翌29日、国際体操連盟(FIG)は橋本選手の跳馬について詳細な減点項目を公開し、「審査は公正だった」と異例の声明を出した。だが、批判は止まらなかったのである。

周知の如く、中国共産党は、同党に対する批判の書き込みに関して、ネットポリスがすぐに削除する。だが、他国、特に我が国や日本選手への中傷に対して、しばしば“野放し状態”にしている。日本叩きは、中国人ネットユーザーの(同党に対する不満の)“ガス抜き”に最適なのかもしれない。

▲写真 お台場に設置された五輪マーク 出典:Photo by Yuichi Yamazaki/Getty Images

ところで、「民主化」した韓国では、SNS上で中国とは異なる動きが起きている。

これまでの韓国では、オリンピックで韓国選手が活躍することが国威発揚になり、メダル獲得数で日本を上回ることが重視された。また、日韓の試合があると熱狂的に応援したのも、日本に勝つことが韓国民の国民感情を満足させた(『現代ビジネス』「文在寅が『元凶』…五輪『メダル数“敗北”』のウラで韓国が『日本批判』しまくるウラ事情」8月7日付)。実は、今回、韓国勢は金メダル6個、銀メダル4個、銅メダル10個、全体で16位と振るわなかったのである。

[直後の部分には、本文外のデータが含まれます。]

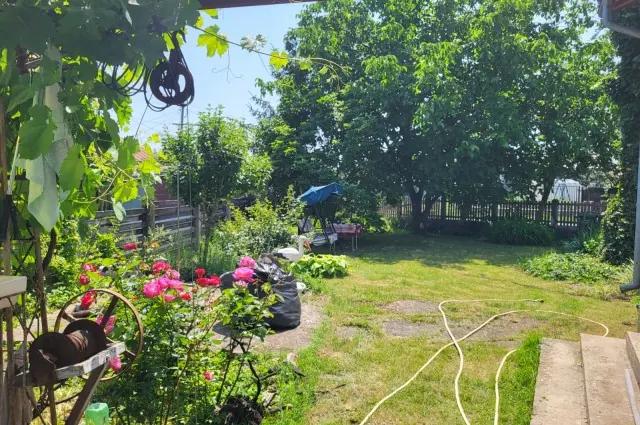 Casă P+M de vânzare -Ciolpani – teren de 800 mp!, fotografia 3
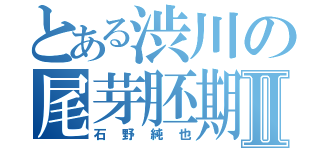 とある渋川の尾芽胚期Ⅱ（石野純也）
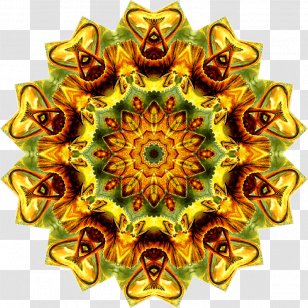 Art Forms In Nature Symmetry Visual Arts Pattern Lizard - Wedges Transparent PNG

だが、韓国「Z世代」は、東京五輪を観戦する際、たとえ自国選手がメダル取れなくても何?という感じである(なお同国では、「X世代」は1960年代後半〜1970年代生まれ。「Y世代」は1980年代〜1990年代半ば生まれ。「Z世代」は1990年代半ば〜2000年代生まれを指す)。そして、非常に頑張った選手にTwitter、Facebook、Instagram等で「いいね!」印をつける(同上)。

例えば、今度のオリンピックで、アーチェリー韓国代表の安山(アン・サン。20歳。日本へ帰化)が、五輪アーチェリーで史上初となる3冠に輝いた。

けれども、安山選手のショートカットの髪型や過去のSNSに書いた表現をめぐり、男性の一部コミュニティー・サイトでは、彼女は「フェミニスト」あるいは「男性嫌悪主義者なのでは」などというバッシングが起きている(『The Sankei News』「アーチェリー『3冠』女性選手に人格攻撃 韓国で騒動」7月30日付)。

しかし、韓国Z世代は、それを自分が攻撃されように感じ、怒り心頭。そして、安山選手を擁護した(同『現代ビジネス』)。この新しい動きは、刮目すべきだろう。